Already on GitHub? Sign in to your account

Backend worker monitoring thread interrupted or backend worker process died. #537

Closed
fancyerii opened this issue Jul 17, 2020 · 8 comments
Closed
Assignees
Labels
triaged_wait Waiting for the Reporter's resp

Comments

@fancyerii
Copy link

I have used huggingface transformer to train a text classification model and deploy it to pytorch serv.

  1. training and saving model
    The full codes can be found here. The code is not well organized but the model is very simple:
class OrderClassifier(nn.Module):
    def __init__(self, n_classes, path):
        super(OrderClassifier, self).__init__()

        self.bert = BertModel.from_pretrained(path)
        self.drop = nn.Dropout(p=0.3)
        self.out = nn.Linear(self.bert.config.hidden_size, n_classes)
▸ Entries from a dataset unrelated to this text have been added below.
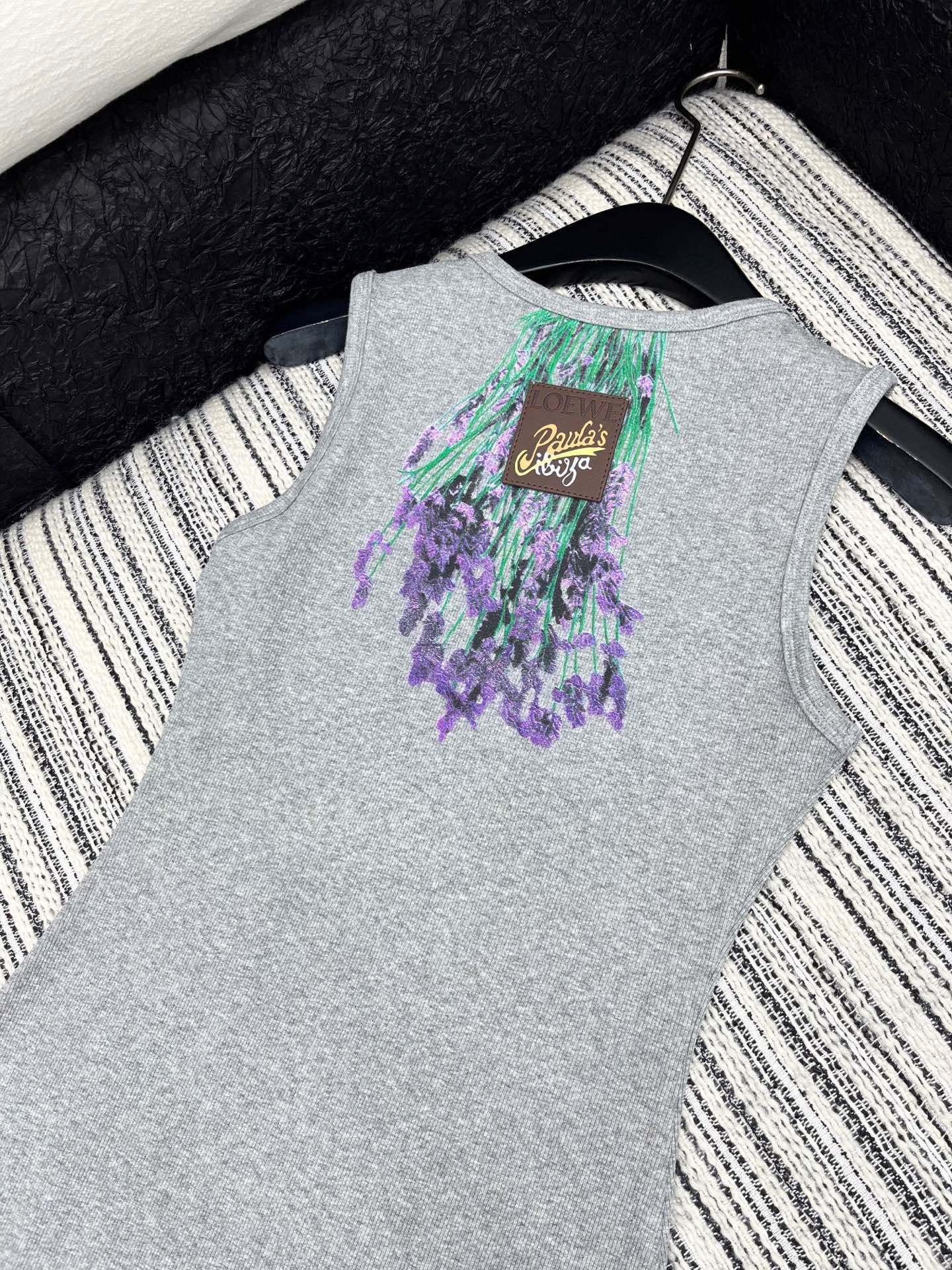 🛒𝐍𝐄𝐖 · 𝟐𝟎𝟐5/爆款现货

原单品质  Loe*｜订制最新印花贴牌赫本风背心连衣裙
巨凸显气质的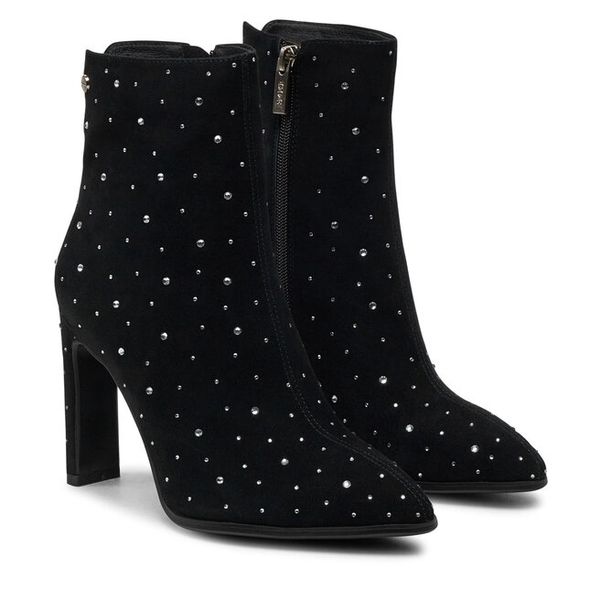 Botki GOE. Czarne botki Goe, bez wzorów, bez obcasa, na szpilce, bez zapięcia. Za 319,99 zł.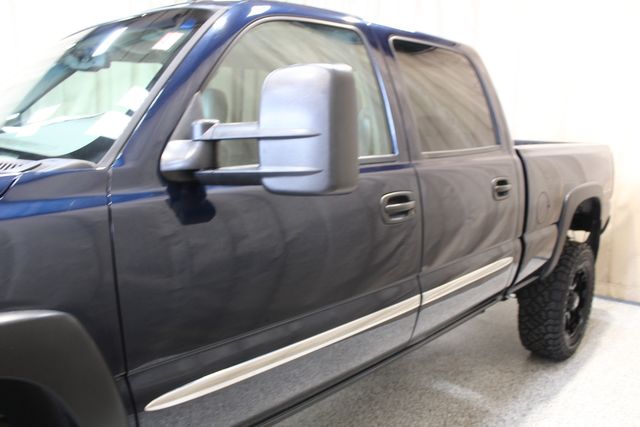 2005 GMC Sierra 2500HD Diesel 4x4 SLT | Roscoe, IL | Autoland Outlets 2005 GMC Sierra 2500HD Diesel 4x4 SLT | Roscoe, IL | Autoland Outlets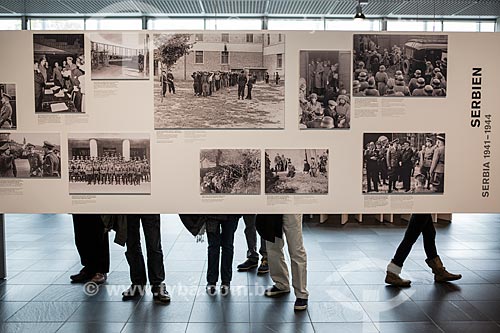  Parte do acervo permanente do Topographie des Terrors (Topografia do Terror) - prédio que abrigou a Gestapo, a polícia secreta nazista, de 1933 a 1945  - Berlim - Berlim - Alemanha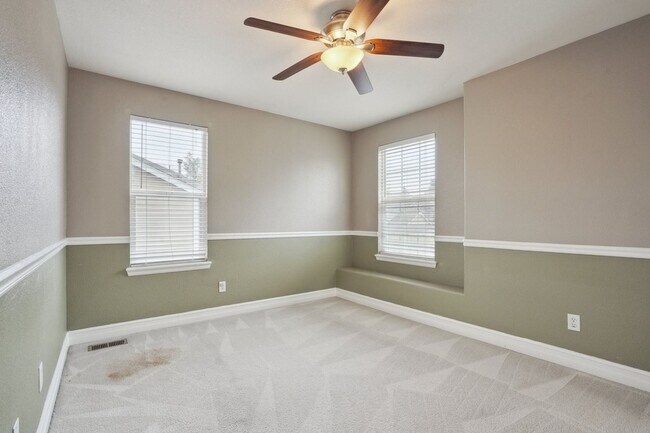 Building Photo - 4 Bedroom Single Family in Denver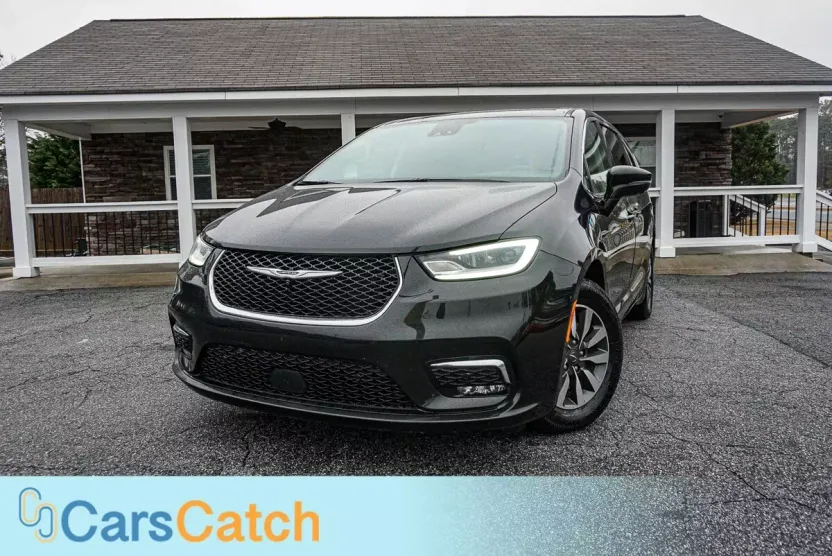 2022 Chrysler Pacifica Hybrid Touring L photo 1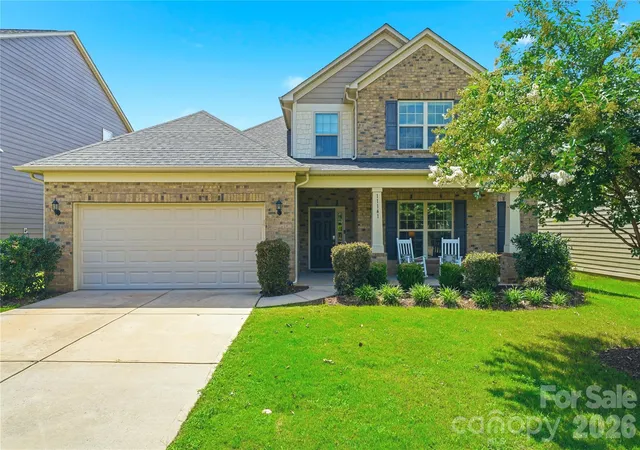 Single family home for sale at 11141 Crane Crk Dr, Charlotte, NC 28278 | MLS# 4404945
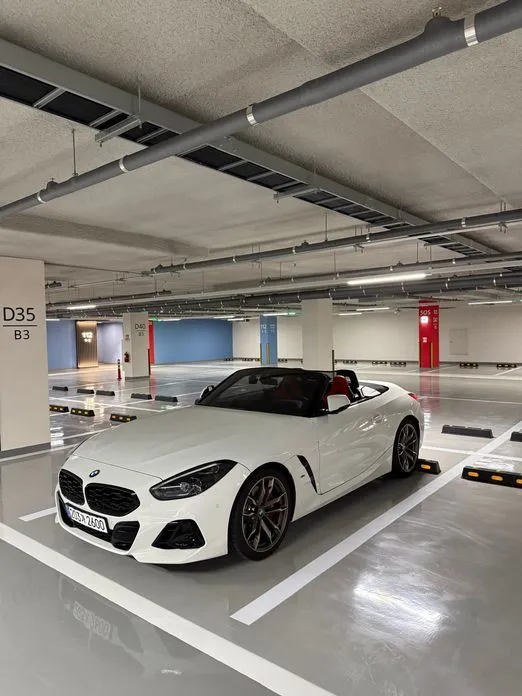 BMW Z4 — фото 1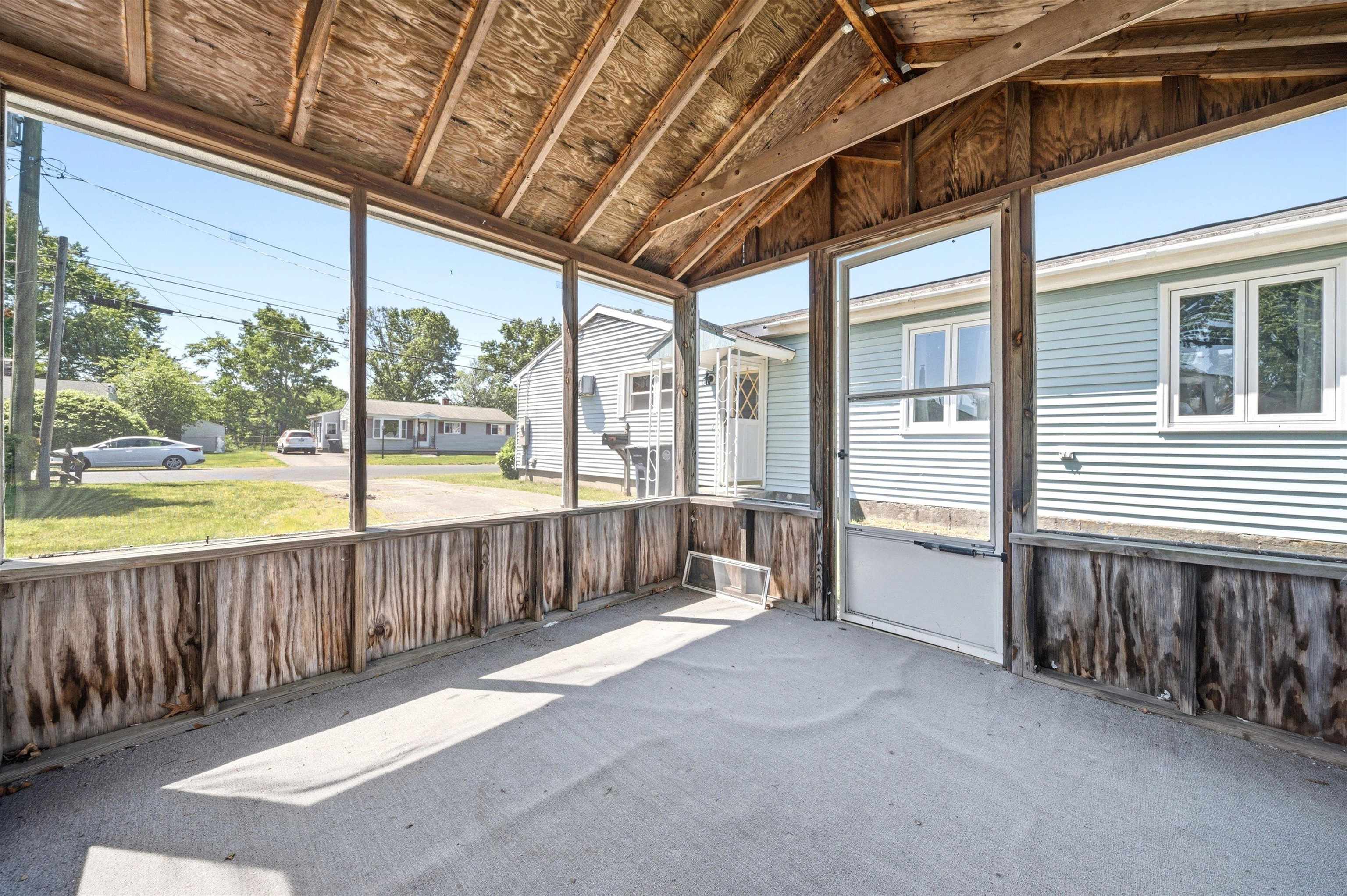 33 Ross Street Nashua, NH 03060 - Photo 27 of 31
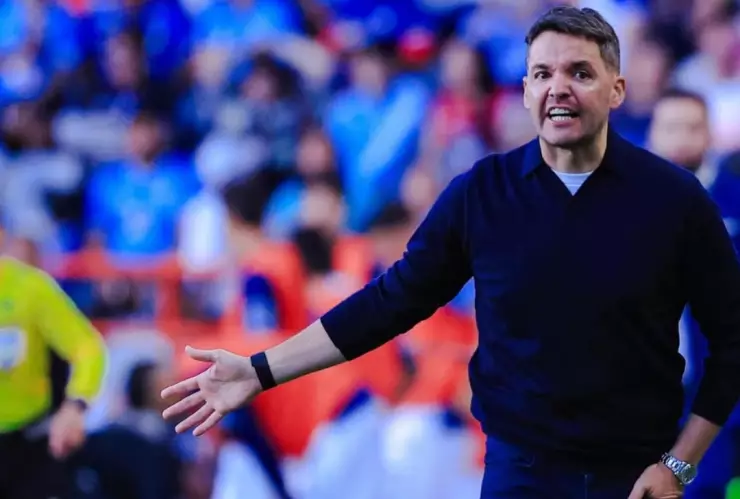 Larcamón, DT de Cruz Azul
    def forward(self, input_ids, attention_mask):
        _, pooled_output = self.bert(
            input_ids=input_ids,
            attention_mask=attention_mask
        )

        output = self.drop(pooled_output)
        return self.out(output)

After training, I saved the best whole model:

    if val_acc > best_accuracy:
        torch.save(model, 'best_model.bin')
  1. create handler testtorchserving.py
    The full code is here.
    It seems the initialization part throws exception, So I paste the codes here:
    def initialize(self, ctx):
        self.manifest = ctx.manifest

        properties = ctx.system_properties
        model_dir = properties.get("model_dir")
        self.device = torch.device("cuda:" + str(properties.get("gpu_id")) if torch.cuda.is_available() else "cpu")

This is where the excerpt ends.